Commençons par le sujet qui fâche et qui fera certainement jaser : la couverture de cet album de musique sacrée, à savoir le buste du chanteur, à nouveau nu, sous les volutes d’un voile sombre. Ce cliché paraît tellement emblématique du marketing à l’oeuvre depuis ses débuts et qui exploite à l’envi les charmes physiques de l’artiste. N’en déplaise à certaines âmes trop charitables et surtout naïves, Jakub Jozef Orliński n’est plus un enfant de chœur et il n’est pas victime, mais complice de ces mises en scène racoleuses. Simple référence à la sculpture, se défend l’intéressé, qui compte de nombreuses figures religieuses ainsi voilées. Le Bernin nous vient bien sûr à l’esprit, même si le ramage du jeune homme évoque davantage les courbes suaves de Canova que la virtuosité expressive du génie baroque, mais le film promotionnel de Warner, dans lequel la caméra détaille amoureusement son torse enlacé par une inconnue, achève de nous convaincre que les producteurs cherchent plutôt à éveiller des « désirs de douce tendresse », pour reprendre les paroles du Christ chez Zelenka (Smanie di dolci affetti). Or, il suffit d’un air, la plage inaugurale du disque, pour ébranler nos préventions et même, contre toute attente, nous subjuguer. Jakub Józef Orliński y est touché par la grâce – des mots imparfaits et souvent galvaudés, mais aucun ne peut traduire ce je ne sais quoi qui fait toute la différence et nous étreint profondément.
La plupart de ses admirateurs ont découvert le contre-ténor sur la Toile, dans « Vedrò con mio diletto » de Vivaldi, interprété en direct à Aix-en-Provence, mais Philippe Jaroussky avait déjà dépoussiéré ce joyau et Cecilia Bartoli l’a récemment sublimé pour les micros de Decca. En revanche, Jakub Józef Orliński est le premier à enregistrer « Alla gente a Dio diletta » et il restera, n’en doutons pas, associé dans toutes les mémoires à la révélation de cette délicieuse aria napolitaine.
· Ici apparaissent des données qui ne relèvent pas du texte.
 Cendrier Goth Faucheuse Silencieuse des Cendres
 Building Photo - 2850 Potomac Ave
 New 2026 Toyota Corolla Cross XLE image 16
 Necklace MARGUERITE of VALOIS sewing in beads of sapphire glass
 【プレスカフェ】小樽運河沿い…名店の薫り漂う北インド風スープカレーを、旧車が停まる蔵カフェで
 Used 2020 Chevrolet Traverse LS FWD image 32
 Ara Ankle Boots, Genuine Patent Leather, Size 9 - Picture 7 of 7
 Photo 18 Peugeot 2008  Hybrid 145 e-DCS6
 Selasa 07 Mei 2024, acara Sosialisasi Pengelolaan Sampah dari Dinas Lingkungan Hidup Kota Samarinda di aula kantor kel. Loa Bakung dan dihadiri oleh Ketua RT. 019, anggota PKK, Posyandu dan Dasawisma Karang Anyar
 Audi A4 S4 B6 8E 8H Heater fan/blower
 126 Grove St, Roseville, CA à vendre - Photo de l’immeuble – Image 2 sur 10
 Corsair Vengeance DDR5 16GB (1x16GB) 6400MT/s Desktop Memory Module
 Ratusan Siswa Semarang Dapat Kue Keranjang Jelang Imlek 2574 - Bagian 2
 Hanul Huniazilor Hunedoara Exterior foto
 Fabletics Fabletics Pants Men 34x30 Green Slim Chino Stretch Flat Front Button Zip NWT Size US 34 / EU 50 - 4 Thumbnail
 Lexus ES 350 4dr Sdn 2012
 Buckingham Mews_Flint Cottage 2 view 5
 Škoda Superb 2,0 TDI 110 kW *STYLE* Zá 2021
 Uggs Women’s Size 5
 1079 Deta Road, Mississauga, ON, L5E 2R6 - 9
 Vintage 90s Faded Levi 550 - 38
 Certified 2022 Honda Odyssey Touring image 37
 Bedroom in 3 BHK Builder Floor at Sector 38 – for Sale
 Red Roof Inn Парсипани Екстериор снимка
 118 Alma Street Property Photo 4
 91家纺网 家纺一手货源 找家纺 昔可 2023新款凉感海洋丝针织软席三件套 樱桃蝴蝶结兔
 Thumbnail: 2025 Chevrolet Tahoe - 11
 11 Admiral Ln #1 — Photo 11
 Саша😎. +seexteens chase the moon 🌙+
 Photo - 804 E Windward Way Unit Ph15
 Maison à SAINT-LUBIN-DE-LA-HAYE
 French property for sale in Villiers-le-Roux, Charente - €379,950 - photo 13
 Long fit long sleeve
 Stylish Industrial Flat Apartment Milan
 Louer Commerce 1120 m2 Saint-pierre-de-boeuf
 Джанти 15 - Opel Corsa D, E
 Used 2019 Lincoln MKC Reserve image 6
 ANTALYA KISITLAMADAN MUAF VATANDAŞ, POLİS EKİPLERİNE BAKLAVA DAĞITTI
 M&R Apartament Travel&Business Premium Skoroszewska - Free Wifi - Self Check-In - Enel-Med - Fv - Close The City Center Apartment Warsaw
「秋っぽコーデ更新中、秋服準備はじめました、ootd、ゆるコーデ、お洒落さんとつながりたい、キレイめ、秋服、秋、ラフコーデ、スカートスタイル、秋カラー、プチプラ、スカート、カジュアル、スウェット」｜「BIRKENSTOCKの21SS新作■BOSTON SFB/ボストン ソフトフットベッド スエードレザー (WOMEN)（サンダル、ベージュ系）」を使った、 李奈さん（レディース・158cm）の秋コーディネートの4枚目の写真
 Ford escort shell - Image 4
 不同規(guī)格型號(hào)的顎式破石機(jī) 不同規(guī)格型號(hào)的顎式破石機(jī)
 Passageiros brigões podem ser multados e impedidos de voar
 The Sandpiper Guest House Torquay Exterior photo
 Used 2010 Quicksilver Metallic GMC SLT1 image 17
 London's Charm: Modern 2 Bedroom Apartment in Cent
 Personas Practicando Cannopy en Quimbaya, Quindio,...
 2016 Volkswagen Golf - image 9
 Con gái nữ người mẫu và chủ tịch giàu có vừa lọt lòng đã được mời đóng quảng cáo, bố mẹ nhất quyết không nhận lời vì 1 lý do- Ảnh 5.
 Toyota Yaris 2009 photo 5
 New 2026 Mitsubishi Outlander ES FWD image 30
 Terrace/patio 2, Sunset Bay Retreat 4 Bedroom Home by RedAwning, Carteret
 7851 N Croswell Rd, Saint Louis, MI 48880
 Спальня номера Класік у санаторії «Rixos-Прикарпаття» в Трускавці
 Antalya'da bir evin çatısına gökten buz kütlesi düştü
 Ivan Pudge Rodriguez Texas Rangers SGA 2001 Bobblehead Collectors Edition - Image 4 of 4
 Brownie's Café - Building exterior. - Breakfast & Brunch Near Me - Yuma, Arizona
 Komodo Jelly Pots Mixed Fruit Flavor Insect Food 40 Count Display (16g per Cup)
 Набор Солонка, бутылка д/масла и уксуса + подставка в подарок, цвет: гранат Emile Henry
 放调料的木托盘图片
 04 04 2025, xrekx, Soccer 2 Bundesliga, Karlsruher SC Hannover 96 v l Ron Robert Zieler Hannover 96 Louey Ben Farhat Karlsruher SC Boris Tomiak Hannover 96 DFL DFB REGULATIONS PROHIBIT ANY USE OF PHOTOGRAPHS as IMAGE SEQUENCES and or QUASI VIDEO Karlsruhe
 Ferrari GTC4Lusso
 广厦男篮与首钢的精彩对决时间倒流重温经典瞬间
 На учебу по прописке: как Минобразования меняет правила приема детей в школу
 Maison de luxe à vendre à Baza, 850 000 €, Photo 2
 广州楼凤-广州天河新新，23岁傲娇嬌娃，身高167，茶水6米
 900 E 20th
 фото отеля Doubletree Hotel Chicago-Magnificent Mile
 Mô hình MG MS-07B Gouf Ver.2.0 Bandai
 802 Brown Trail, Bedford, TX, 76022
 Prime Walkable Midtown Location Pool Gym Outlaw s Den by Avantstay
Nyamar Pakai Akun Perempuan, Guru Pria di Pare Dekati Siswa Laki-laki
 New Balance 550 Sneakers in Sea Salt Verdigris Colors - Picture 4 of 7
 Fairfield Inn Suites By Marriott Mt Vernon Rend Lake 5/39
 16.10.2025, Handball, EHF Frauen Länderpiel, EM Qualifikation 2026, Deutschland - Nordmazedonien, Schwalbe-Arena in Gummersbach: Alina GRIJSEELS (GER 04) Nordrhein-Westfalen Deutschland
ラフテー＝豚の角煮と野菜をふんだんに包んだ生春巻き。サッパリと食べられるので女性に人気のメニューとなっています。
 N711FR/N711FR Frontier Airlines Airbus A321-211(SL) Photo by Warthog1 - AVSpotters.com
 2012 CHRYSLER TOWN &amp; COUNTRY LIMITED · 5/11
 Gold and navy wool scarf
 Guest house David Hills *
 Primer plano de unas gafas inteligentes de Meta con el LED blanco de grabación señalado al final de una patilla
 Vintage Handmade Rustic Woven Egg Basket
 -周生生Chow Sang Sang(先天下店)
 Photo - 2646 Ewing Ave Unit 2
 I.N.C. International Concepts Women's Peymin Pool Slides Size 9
Non seulement la partition de Nicola Fago flatte la beauté du timbre, immédiatement reconnaissable, et un bas médium chaleureux, mais la tendre candeur et la simplicité de son interprétation nous désarment. Judicieusement composé et agencé, son premier récital devrait combler les mélomanes exigeants, puisqu’il multiplie les premières mondiales, autant d’inédits qui ont aussi l’avantage d’éviter la comparaison avec d’autres interprètes, contrairement, par exemple, au fameux Nisi Dominus de Vivaldi qu’il ne donne qu’en concert.
Le programme a manifestement été calibré pour permettre à l’instrument, fort léger, de déployer ses ailes sans le brutaliser. Malgré ces précautions, les moyens de Jakub Józef Orliński semblent toujours modestes en regard de ceux d’autres contre-ténors, y compris de sa génération. L’émission manque de franchise et la dynamique d’ampleur pour affronter l’écriture tendue et richement contrastée avec laquelle Hasse traduit l’extrême désarroi de Pierre devant la Croix, la crispation de l’aigu ravivant nos inquiétudes. Zelenka et Schiassi requièrent également des couleurs plus vivantes et un engagement plus entier, viscéral. Eclats dramatiques et intensité pathétique ne sont pas pour Orliński ; en revanche, que de finesses dans le Confitebor de Fago ou l’Alma Redemptoris Mater de Heinichen ! La subtilité caractérise, plus que tout, un art sobre mais éminemment suggestif : qu’il s’agisse de phraser, de relancer le discours dans les reprises, de ciseler les mots ou encore de glisser en registre de poitrine, sans heurt mais en exploitant délicatement les changements d’éclairage. Puisse sa technique s’affermir et favoriser l’épanouissement d’une personnalité originale, qui pourrait bien nous surprendre et que nous prendrons plaisir à suivre.